Doesn't matter what you did to get it... If it sounds good, then it is good!

MrStab

#7
Quote from: PRR on September 23, 2013, 03:59:11 PM
Do you know what you are doing? Zeners need resistors.

this was back before i had actually read an article informing me of such, but for all intents & purposes, i probably still don't know what i'm doing lol. i've successfully used other values of zeners since, thankfully. just thought it was worth mentioning as i hadn't seen other diodes do this, but then i guess they have different applications. i thought it was a "known" thing, evidently it was just my stupidity.

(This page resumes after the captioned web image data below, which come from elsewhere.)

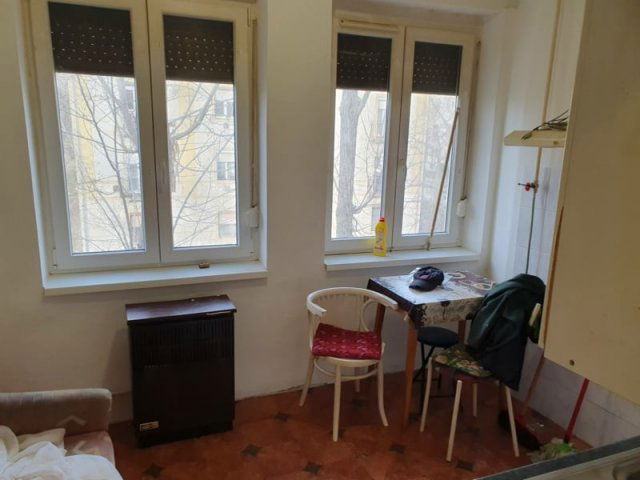 Eladó téglalakás, Pécsett 23.5 M Ft, 1 szobás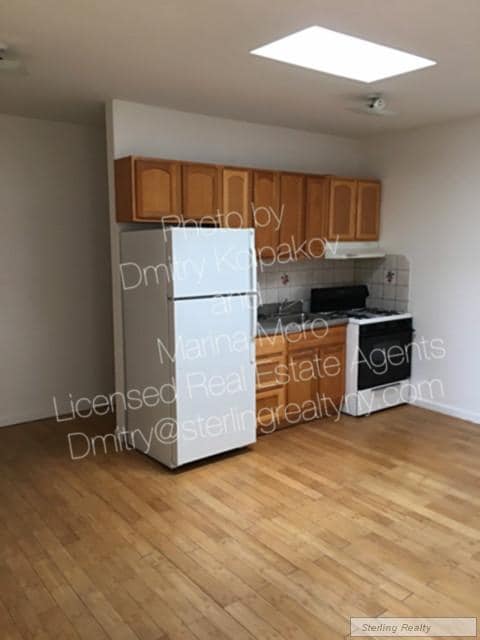 Building Photo - 4005 23rd Ave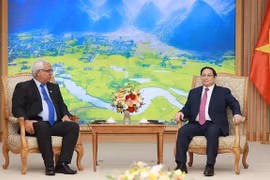 Premier vietnamita recibe al ministro cubano de Justicia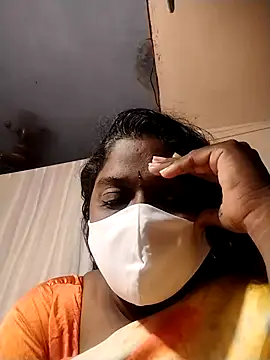 Snapshot of Angel_6531 chatting on February 14, 2026, 7:03 pm Angel 6531 online show from February 14, 2026, 7:03 pm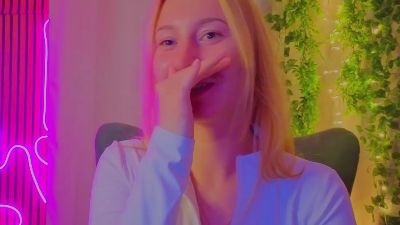 RosalieHandley live cam on Cam4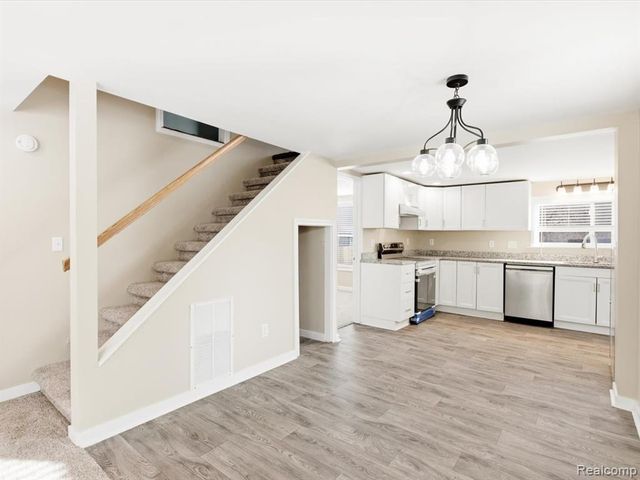 229 Michigan Avenue, Marysville, MI 48040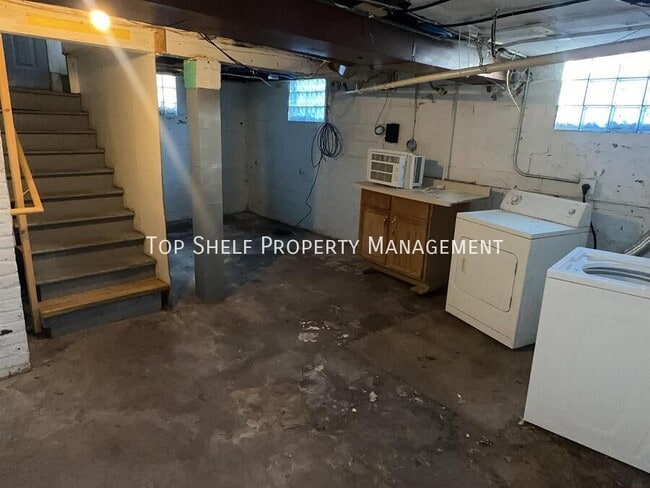 Building Photo - 3307 2nd Ave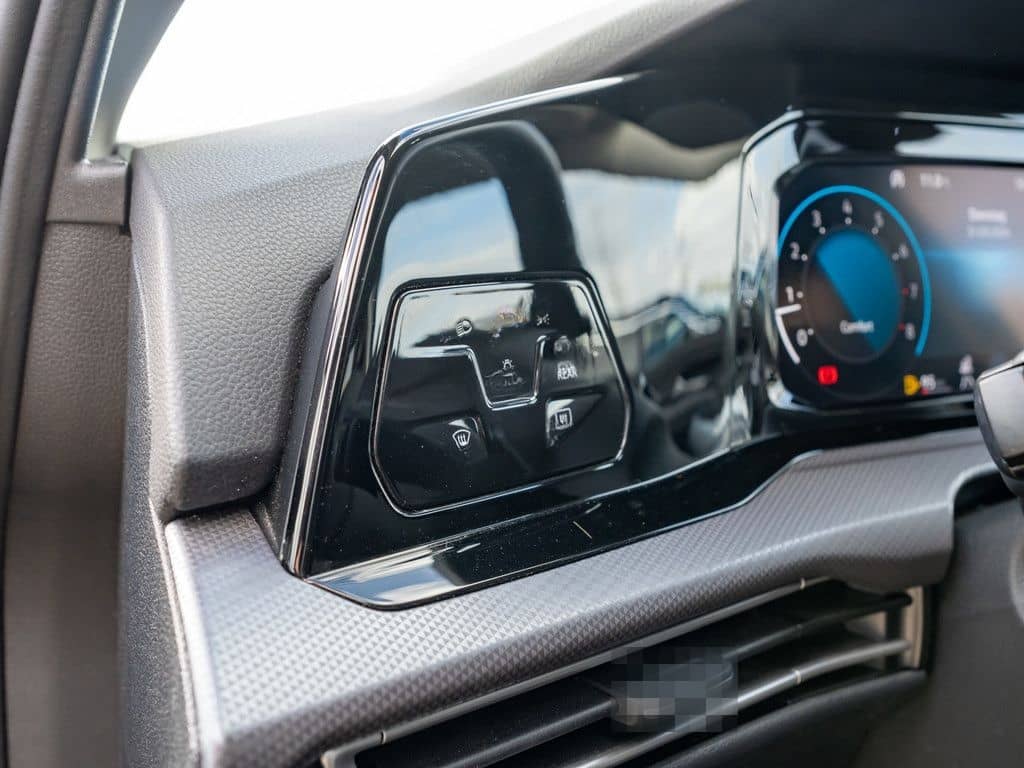 Volkswagen Golf VIII Active 1,5 l TSI STANDHZ. ACC HUD LED foto 22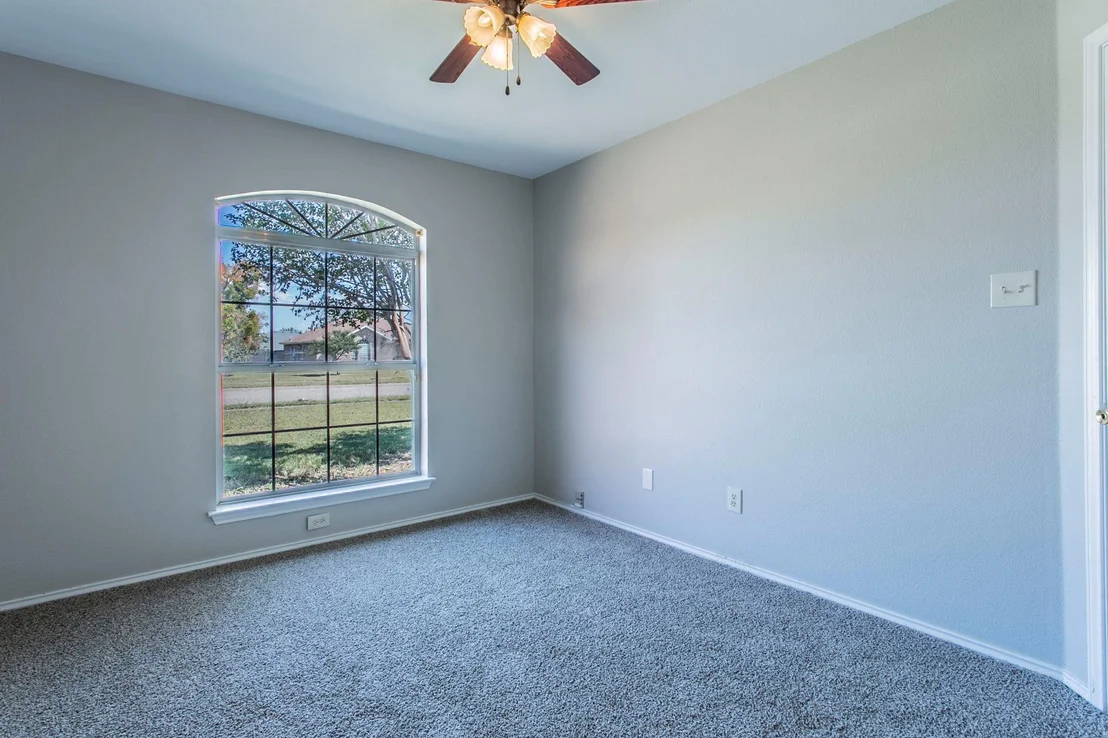 Photo of 1904 Basalt DR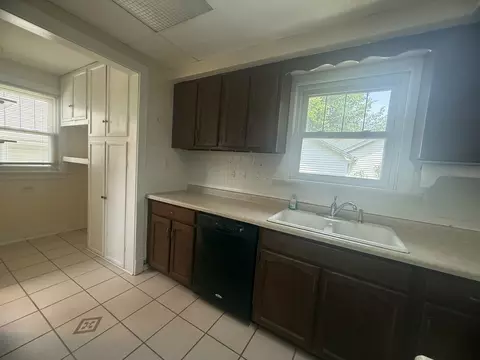 126 E Glover St, Ottawa, IL 61350 photo 18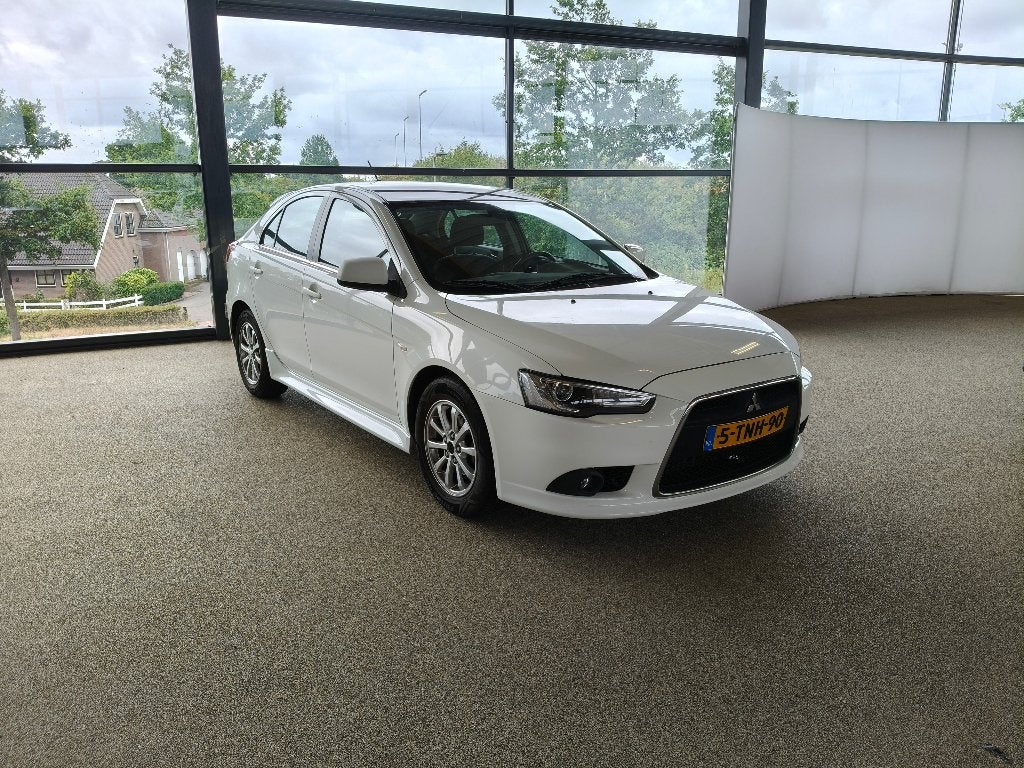 Mitsubishi Lancer 1.6 Cleartec Sportback 2014 Wit, Auto's, Mitsubishi, Voorwielaandrijving, 4 cilinders, 1590 cc, Wit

after some frustration with the JCM emulator, on a whim i decided to go for an Xotic BB Preamp with a clean (ie. no diodes) option and a slightly-modded LPB1 gain stage afterwards (1uF caps & 2.2k instead of 390R to NPN Emitter). as a preamp, it sounds pretty damn badass. now i'm just having trouble with the power amp - both circuits work by themselves, but my transformer sags like crazy when both are hooked up - i think i need to score some 1/2W 100R resistors for the power supply filter (as opposed to the 330 i'm using now) and my TDA2030 might be dead. not sure if this is due a different thread or not. i'll do some reading, just not sure where to start looking. http://sound.westhost.com/project04.htm is a good link.
Recovered guitar player.
Electronics manufacturer.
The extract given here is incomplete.